Managing Asthma Symptoms

NIAID-supported research has established that decreasing exposures to household allergens—such as those from dust mites and cockroaches—and implementing guidelines-based asthma therapy can reduce asthma symptoms and health care visits. Much of this research has been conducted in low-income urban areas, where asthma is more prevalent and severe. Since 1991, NIAID has sponsored a series of research programs to reduce the public health burden of asthma in low-income urban environments.

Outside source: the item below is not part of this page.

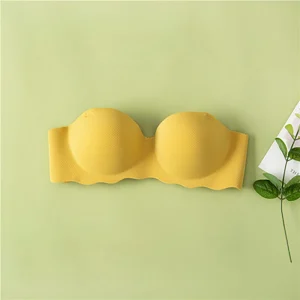 Reggiseno senza cuciture per ragazze di colore solido di alta qualità ragazze Comfort traspirante abbigliamento quotidiano biancheria intima ragazze reggiseno con tracolla rimovibile 1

The National Cooperative Inner-City Asthma Study, conducted in the early 1990s, determined that cockroach allergen was directly related to asthma severity. Researchers found that counseling on how to reduce this allergen in the home helped lessen children’s asthma symptoms. Subsequently, the Inner-City Asthma Study, which took place from 1996 to 2001, showed that reducing environmental allergens, especially in the bedroom, decreased asthma symptoms in at-risk children.

NIH issued the first set of Guidelines for the Diagnosis and Management of Asthma in 1991. The guidelines are developed and updated by an expert panel commissioned by the National Asthma Education and Prevention Program (NAEPP) coordinated by NIH’s National Heart, Lung and Blood Institute. While treatment based on the NIH asthma guidelines is generally effective at controlling asthma, many people still experience asthma attacks that may require emergency room visits and hospitalizations. The NIAID-funded Inner-City Anti-IgE Therapy for Asthma (ICATA) study showed that adding year-round treatment with the drug omalizumab to guidelines-based asthma therapy nearly eliminated seasonal increases in asthma attacks and decreased asthma symptoms among young people. A follow-up study called Preventative Omalizumab or Step-Up Therapy for Severe Fall Exacerbations (PROSE) assessed a shorter course of omalizumab treatment. Adding omalizumab to ongoing guidelines-based therapy for a targeted four-month period beginning just before the start of school reduced the number of autumn asthma attacks and colds in urban children.

Omalizumab targets and reduces levels of an antibody called immunoglobulin E, which is central to the allergic response. The drug currently is approved in the United States for patients ages 6 years and older with moderate-to-severe persistent allergic asthma.